Eddie Lovett represented the Virgin Islands in the IAAF World Championships in London this past weekend and became the first V.I. 110-meter hurdler to advance to the semi-finals with a season best of 13.41. He finished third in his qualifying heat and fifth in his semi-final heat. Lovett finished 18th among the 200 plus countries competing; he finished fifth among Caribbean countries; he finished 8th among North America, Central America and Caribbean Countries; he finished 8th among Pan American Countries.
Lovett has had strong indoor and outdoor seasons where he received a high world ranking in 110m hurdles. This was his second World Championships. Lovett is a Rio Olympian, a two-time IAAF World Championships competitor, a World University Games Gold Medalist, a 7th place finisher in the IAAF 2016 World Indoor Championships, a multiple NCAA indoor hurdles national champion, and a University of Florida (UF) multiple NCAA All-American leading his team to multiple NCAA national team championships.
He ranks on the all-time world lists for indoor and outdoor hurdles; he is number 2 on the all-time UF a 110m list; he is the V.I. national record holder in the 60m and 110m hurdles.
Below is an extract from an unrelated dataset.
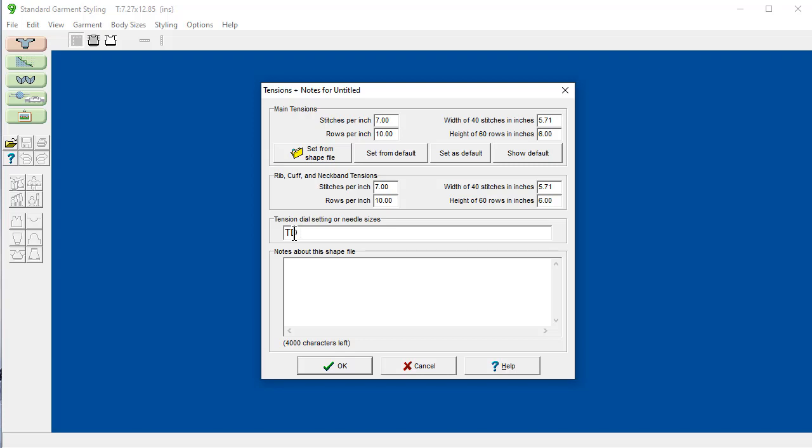Tension dial setting or needle sizes. Let's say it was tension dial seven and two dots on my machine. Comments about this. We have 4,000 characters. We could write a whole paragraph in here for my husband. I could put in the yarn that I used, whatever I want in here.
He is the third V.I. National Track and Field Team member to compete in the Olympics 110m hurdles (including Franklyn Blyden at 1968 Mexico and Jeff Jackson at 2000 Sydney). He is the only 110m hurdler to compete in and advance to the semi-finals. Leslie Murry won the bronze medal 400m hurdles in the IAAF World Junior Championships in 2010, the only V.I. National Track and Field Team member to win an IAAF medal. Lovett’s current season has included competition in Pennsylvania, where he is based, Florida, New York, California, Montreal, Canada, Bridgetown, Barbados, Lucerne, Switzerland and London, England.
His comment to VITFF officials after he was congratulated for his fine effort… “thanks… wish I could do more, but I’m not at that level yet.”
Note: The 110-meter hurdles (see Eddie Lovett 5th from the left in IAAF World Championships round 1) is perhaps the most technical running event in track and field. The athlete must, from a full start, negotiate while at full sprint speed, 10 hurdles approximately 3 feet in height 10 meters apart over the distance of 110 meters with the winner usually decided among eight runners with only hundredths of a second separating them …all done between 12 and 13 seconds.